| What the task asks |
Transcribe the entries that follow exactly as they appear, minus pictures.

[Short text fragments from websites]
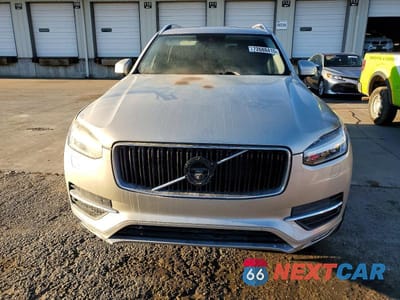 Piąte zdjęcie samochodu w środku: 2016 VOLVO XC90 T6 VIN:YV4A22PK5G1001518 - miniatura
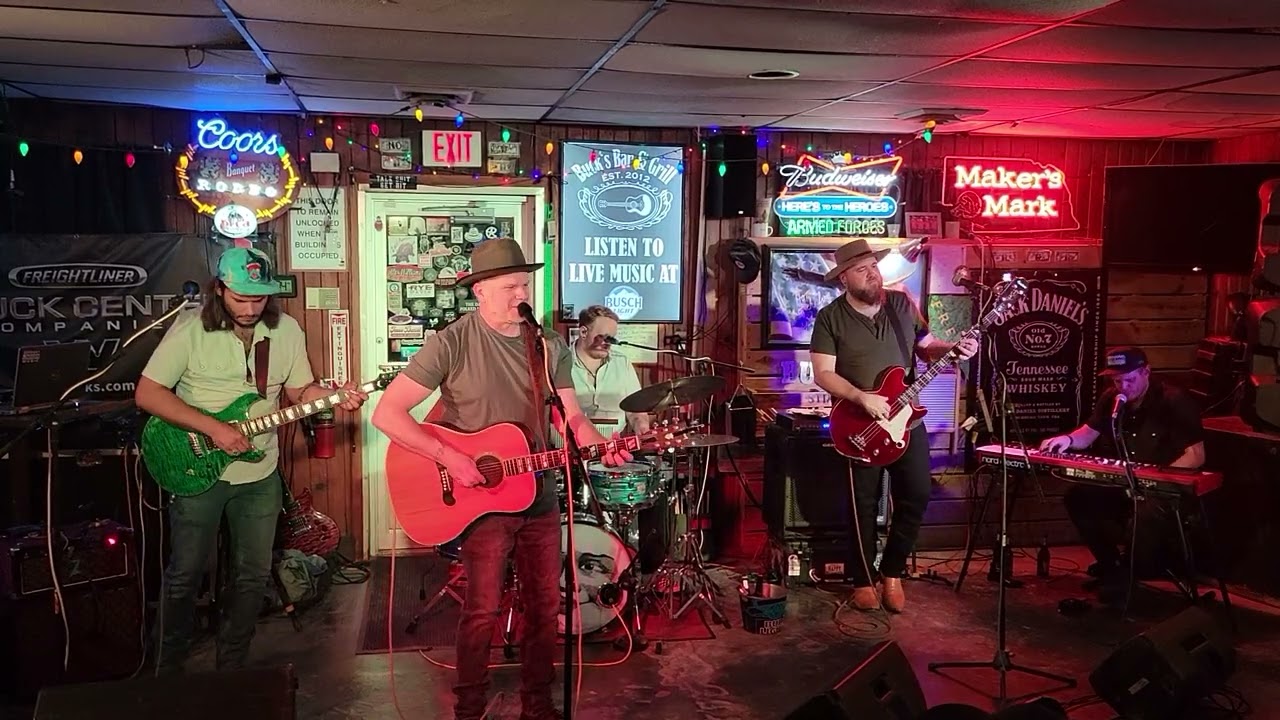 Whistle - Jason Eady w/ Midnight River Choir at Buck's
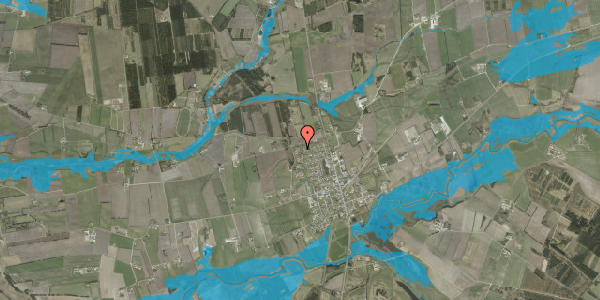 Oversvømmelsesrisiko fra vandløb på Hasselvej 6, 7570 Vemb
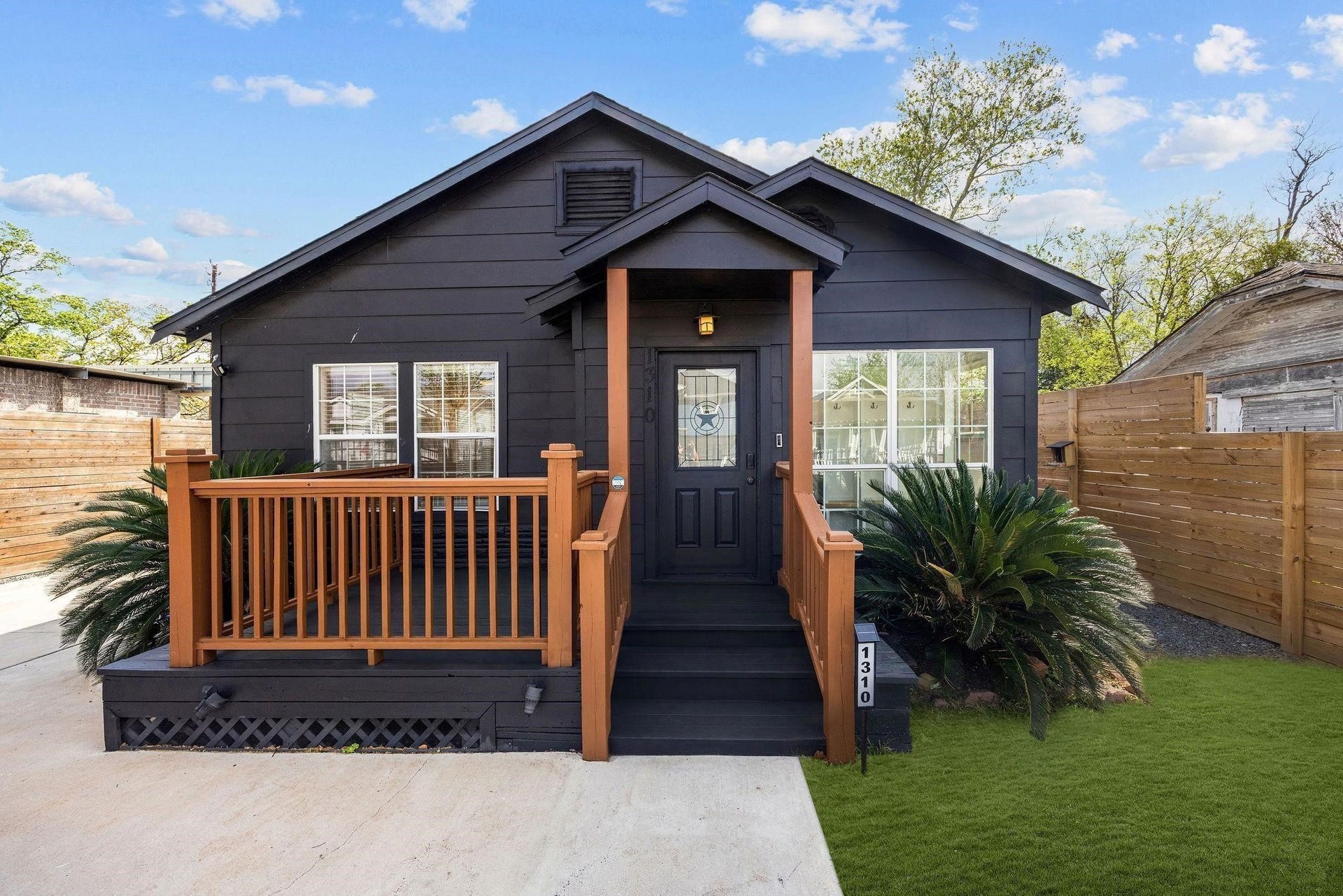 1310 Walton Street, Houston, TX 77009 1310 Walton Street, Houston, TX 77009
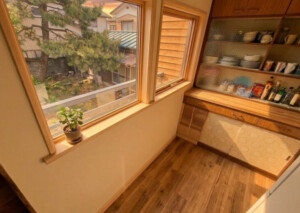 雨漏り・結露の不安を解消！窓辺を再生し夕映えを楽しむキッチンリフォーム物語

| Result for this task |
 Piąte zdjęcie samochodu w środku: 2016 VOLVO XC90 T6 VIN:YV4A22PK5G1001518 - miniatura
 Whistle - Jason Eady w/ Midnight River Choir at Buck's
 Oversvømmelsesrisiko fra vandløb på Hasselvej 6, 7570 Vemb
 1310 Walton Street, Houston, TX 77009 1310 Walton Street, Houston, TX 77009
 雨漏り・結露の不安を解消！窓辺を再生し夕映えを楽しむキッチンリフォーム物語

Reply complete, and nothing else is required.